Malte, qui adopte en 2023 une législation permettant aux opérateurs de jeu en ligne de se soustraire aux poursuites pénales des juridictions étrangères (y compris européennes), en est un exemple paradigmatique, et pour cause : le secteur des jeux d’argent représenterait à présent 12 % du PIB de cet Etat de l’Union.

Forte corruption

Si des partenariats comme ceux liant le PMU français aux sociétés organisatrices des jeux d’argent au Sénégal (Lonase), en Côte-d’Ivoire (Lonaci) ou au Bénin (LNB) reposent sur des accords entre opérateurs placés sous la supervision de leurs Etats respectifs, d’autres œuvrent en toute clandestinité pour contourner les différentes limitations et interdictions qui cantonnent les jeux d’argent, pratique interdite dans plusieurs pays comme le Qatar ou Brunei. Souvent, ces activités relèvent du lucratif business d’opérateurs qui implantent leurs serveurs dans des paradis fiscaux ou bien d’organisations criminelles, de plus en plus spécialisées dans les arnaques et jeux d’argent en ligne, et qui opèrent depuis les territoires d’Etats entachés d’une forte corruption (Cambodge, Myanmar, Laos, Philippines…).

Ces opérateurs de l’ombre ont recours à des technologies sophistiquées pour contourner les blocages internet et se fondre dans le cyberespace. L’opacité que procure la Toile leur permet de dissimuler activités et profits mettant ainsi à mal les politiques fiscales des Etats autant que leurs stratégies de régulation, d’où la délicate et si ardue tâche de l’Autorité nationale de jeux, en France, ou de la récente autorité fédérale allemande supervisant la réglementation des jeux d’argent en ligne, pleinement opérationnelle depuis 2023.

Un ordre monétaire disruptif

Les plateformes de jeux qui permettent en outre de parier avec toutes sortes de cryptomonnaies (Bitcoin, Ethereum, Dash, Ripple, Neo…) facilitent le blanchiment et participent à la diffusion d’un ordre monétaire disruptif échappant à toute forme de régulation publique, et à un inexorable transfert de richesses et de pouvoir vers les acteurs privés.

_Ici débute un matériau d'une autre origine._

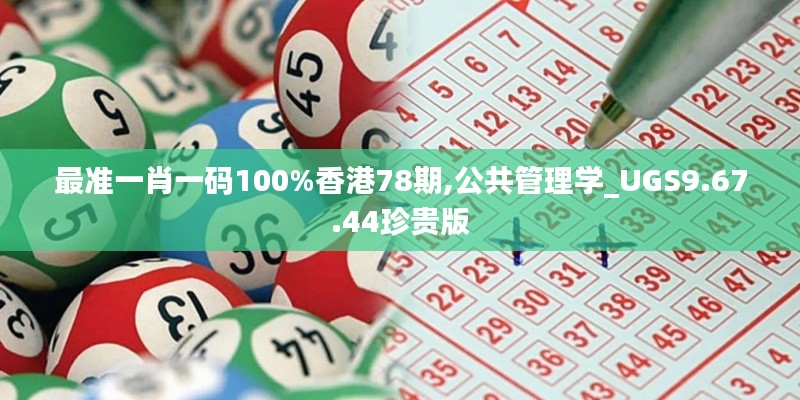 最准一肖一码100%香港78期,公共管理学_UGS9.67.44珍贵版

Et plus les Etats sont démunis, plus la lutte est inégale comme en témoignent les évolutions de la «borlette» (loterie en Haïti). Les tirages sont effectués hors du pays, notamment à New York, et les liens entre cette pratique et la diaspora sont si forts qu’on la retrouve au Québec comme en Guyane. Désormais, il est bien sûr possible de consulter les résultats des tirages en ligne, de miser, mais aussi de recourir à des applications spécifiques pour utiliser le Tchala (sorte de guide numérique) sur Google Store. Les acteurs majeurs de la globalisation informationnelle sont bien au fait du marché induit par ces pratiques de jeux d’argent apparemment marginales, entre informel et illégal, mais partout en expansion.